**YOUR TASK**: Each line of the listing is to be copied exactly.
★ ★ ★
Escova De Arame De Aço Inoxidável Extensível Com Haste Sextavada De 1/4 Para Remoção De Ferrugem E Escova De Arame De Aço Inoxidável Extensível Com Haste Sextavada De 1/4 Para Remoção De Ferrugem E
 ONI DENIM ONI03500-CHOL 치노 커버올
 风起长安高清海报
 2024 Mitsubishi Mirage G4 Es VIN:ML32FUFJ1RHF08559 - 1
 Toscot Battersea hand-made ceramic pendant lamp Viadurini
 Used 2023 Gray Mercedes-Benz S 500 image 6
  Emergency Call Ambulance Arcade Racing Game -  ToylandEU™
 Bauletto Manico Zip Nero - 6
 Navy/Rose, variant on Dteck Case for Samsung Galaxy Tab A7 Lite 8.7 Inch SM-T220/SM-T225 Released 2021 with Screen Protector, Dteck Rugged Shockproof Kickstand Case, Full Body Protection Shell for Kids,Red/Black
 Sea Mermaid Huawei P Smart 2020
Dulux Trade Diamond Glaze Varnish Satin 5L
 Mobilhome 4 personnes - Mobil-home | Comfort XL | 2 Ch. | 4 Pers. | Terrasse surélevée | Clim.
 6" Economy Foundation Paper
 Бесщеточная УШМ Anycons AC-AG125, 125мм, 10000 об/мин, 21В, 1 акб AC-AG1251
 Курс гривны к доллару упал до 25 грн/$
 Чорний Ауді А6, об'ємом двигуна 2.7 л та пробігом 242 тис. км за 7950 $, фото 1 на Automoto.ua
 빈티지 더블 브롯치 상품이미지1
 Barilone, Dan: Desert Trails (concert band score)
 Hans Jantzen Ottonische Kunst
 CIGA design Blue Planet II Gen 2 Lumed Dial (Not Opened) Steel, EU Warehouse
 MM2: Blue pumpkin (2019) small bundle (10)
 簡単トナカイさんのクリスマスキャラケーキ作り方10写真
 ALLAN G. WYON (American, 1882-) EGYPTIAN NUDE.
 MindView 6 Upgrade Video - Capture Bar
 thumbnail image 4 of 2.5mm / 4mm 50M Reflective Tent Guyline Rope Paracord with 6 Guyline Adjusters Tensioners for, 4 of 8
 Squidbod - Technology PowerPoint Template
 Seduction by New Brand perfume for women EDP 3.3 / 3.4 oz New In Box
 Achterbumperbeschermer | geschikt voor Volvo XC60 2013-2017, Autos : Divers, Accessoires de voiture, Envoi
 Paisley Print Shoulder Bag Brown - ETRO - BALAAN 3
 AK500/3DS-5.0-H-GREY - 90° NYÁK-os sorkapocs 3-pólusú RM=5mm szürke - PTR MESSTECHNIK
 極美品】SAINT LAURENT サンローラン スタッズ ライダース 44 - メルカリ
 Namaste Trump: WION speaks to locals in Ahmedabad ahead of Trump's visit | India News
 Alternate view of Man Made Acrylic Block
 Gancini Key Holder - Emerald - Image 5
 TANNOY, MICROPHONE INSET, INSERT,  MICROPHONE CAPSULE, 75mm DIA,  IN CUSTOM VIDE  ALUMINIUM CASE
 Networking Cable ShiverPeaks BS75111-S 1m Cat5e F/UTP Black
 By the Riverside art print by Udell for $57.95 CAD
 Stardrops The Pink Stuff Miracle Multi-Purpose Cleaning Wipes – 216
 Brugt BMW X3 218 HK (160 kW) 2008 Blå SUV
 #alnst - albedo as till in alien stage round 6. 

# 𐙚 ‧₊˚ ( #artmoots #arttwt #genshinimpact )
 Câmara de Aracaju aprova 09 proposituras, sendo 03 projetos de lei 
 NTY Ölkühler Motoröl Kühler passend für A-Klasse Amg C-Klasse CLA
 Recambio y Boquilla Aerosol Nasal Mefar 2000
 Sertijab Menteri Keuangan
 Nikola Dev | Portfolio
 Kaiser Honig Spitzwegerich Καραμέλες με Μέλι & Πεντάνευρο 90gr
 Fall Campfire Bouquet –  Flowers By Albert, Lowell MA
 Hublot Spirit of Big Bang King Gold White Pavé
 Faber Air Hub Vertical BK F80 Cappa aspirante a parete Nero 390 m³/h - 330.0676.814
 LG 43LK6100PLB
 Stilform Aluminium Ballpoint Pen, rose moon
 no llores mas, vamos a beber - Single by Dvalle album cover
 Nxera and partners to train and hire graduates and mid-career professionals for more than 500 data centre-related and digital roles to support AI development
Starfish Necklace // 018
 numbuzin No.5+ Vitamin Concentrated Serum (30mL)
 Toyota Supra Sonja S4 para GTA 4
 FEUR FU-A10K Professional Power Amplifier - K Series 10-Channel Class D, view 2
★ ★ ★
**RESPONSE BELOW**:
Escova De Arame De Aço Inoxidável Extensível Com Haste Sextavada De 1/4 Para Remoção De Ferrugem E Escova De Arame De Aço Inoxidável Extensível Com Haste Sextavada De 1/4 Para Remoção De Ferrugem E
 ONI DENIM ONI03500-CHOL 치노 커버올
 风起长安高清海报
 2024 Mitsubishi Mirage G4 Es VIN:ML32FUFJ1RHF08559 - 1
 Toscot Battersea hand-made ceramic pendant lamp Viadurini
 Used 2023 Gray Mercedes-Benz S 500 image 6
  Emergency Call Ambulance Arcade Racing Game -  ToylandEU™
 Bauletto Manico Zip Nero - 6
 Navy/Rose, variant on Dteck Case for Samsung Galaxy Tab A7 Lite 8.7 Inch SM-T220/SM-T225 Released 2021 with Screen Protector, Dteck Rugged Shockproof Kickstand Case, Full Body Protection Shell for Kids,Red/Black
 Sea Mermaid Huawei P Smart 2020
Dulux Trade Diamond Glaze Varnish Satin 5L
 Mobilhome 4 personnes - Mobil-home | Comfort XL | 2 Ch. | 4 Pers. | Terrasse surélevée | Clim.
 6" Economy Foundation Paper
 Бесщеточная УШМ Anycons AC-AG125, 125мм, 10000 об/мин, 21В, 1 акб AC-AG1251
 Курс гривны к доллару упал до 25 грн/$
 Чорний Ауді А6, об'ємом двигуна 2.7 л та пробігом 242 тис. км за 7950 $, фото 1 на Automoto.ua
 빈티지 더블 브롯치 상품이미지1
 Barilone, Dan: Desert Trails (concert band score)
 Hans Jantzen Ottonische Kunst
 CIGA design Blue Planet II Gen 2 Lumed Dial (Not Opened) Steel, EU Warehouse
 MM2: Blue pumpkin (2019) small bundle (10)
 簡単トナカイさんのクリスマスキャラケーキ作り方10写真
 ALLAN G. WYON (American, 1882-) EGYPTIAN NUDE.
 MindView 6 Upgrade Video - Capture Bar
 thumbnail image 4 of 2.5mm / 4mm 50M Reflective Tent Guyline Rope Paracord with 6 Guyline Adjusters Tensioners for, 4 of 8
 Squidbod - Technology PowerPoint Template
 Seduction by New Brand perfume for women EDP 3.3 / 3.4 oz New In Box
 Achterbumperbeschermer | geschikt voor Volvo XC60 2013-2017, Autos : Divers, Accessoires de voiture, Envoi
 Paisley Print Shoulder Bag Brown - ETRO - BALAAN 3
 AK500/3DS-5.0-H-GREY - 90° NYÁK-os sorkapocs 3-pólusú RM=5mm szürke - PTR MESSTECHNIK
 極美品】SAINT LAURENT サンローラン スタッズ ライダース 44 - メルカリ
 Namaste Trump: WION speaks to locals in Ahmedabad ahead of Trump's visit | India News
 Alternate view of Man Made Acrylic Block
 Gancini Key Holder - Emerald - Image 5
 TANNOY, MICROPHONE INSET, INSERT,  MICROPHONE CAPSULE, 75mm DIA,  IN CUSTOM VIDE  ALUMINIUM CASE
 Networking Cable ShiverPeaks BS75111-S 1m Cat5e F/UTP Black
 By the Riverside art print by Udell for $57.95 CAD
 Stardrops The Pink Stuff Miracle Multi-Purpose Cleaning Wipes – 216
 Brugt BMW X3 218 HK (160 kW) 2008 Blå SUV
 #alnst - albedo as till in alien stage round 6. 

# 𐙚 ‧₊˚ ( #artmoots #arttwt #genshinimpact )
 Câmara de Aracaju aprova 09 proposituras, sendo 03 projetos de lei 
 NTY Ölkühler Motoröl Kühler passend für A-Klasse Amg C-Klasse CLA
 Recambio y Boquilla Aerosol Nasal Mefar 2000
 Sertijab Menteri Keuangan
 Nikola Dev | Portfolio
 Kaiser Honig Spitzwegerich Καραμέλες με Μέλι & Πεντάνευρο 90gr
 Fall Campfire Bouquet –  Flowers By Albert, Lowell MA
 Hublot Spirit of Big Bang King Gold White Pavé
 Faber Air Hub Vertical BK F80 Cappa aspirante a parete Nero 390 m³/h - 330.0676.814
 LG 43LK6100PLB
 Stilform Aluminium Ballpoint Pen, rose moon
 no llores mas, vamos a beber - Single by Dvalle album cover
 Nxera and partners to train and hire graduates and mid-career professionals for more than 500 data centre-related and digital roles to support AI development
Starfish Necklace // 018
 numbuzin No.5+ Vitamin Concentrated Serum (30mL)
 Toyota Supra Sonja S4 para GTA 4
 FEUR FU-A10K Professional Power Amplifier - K Series 10-Channel Class D, view 2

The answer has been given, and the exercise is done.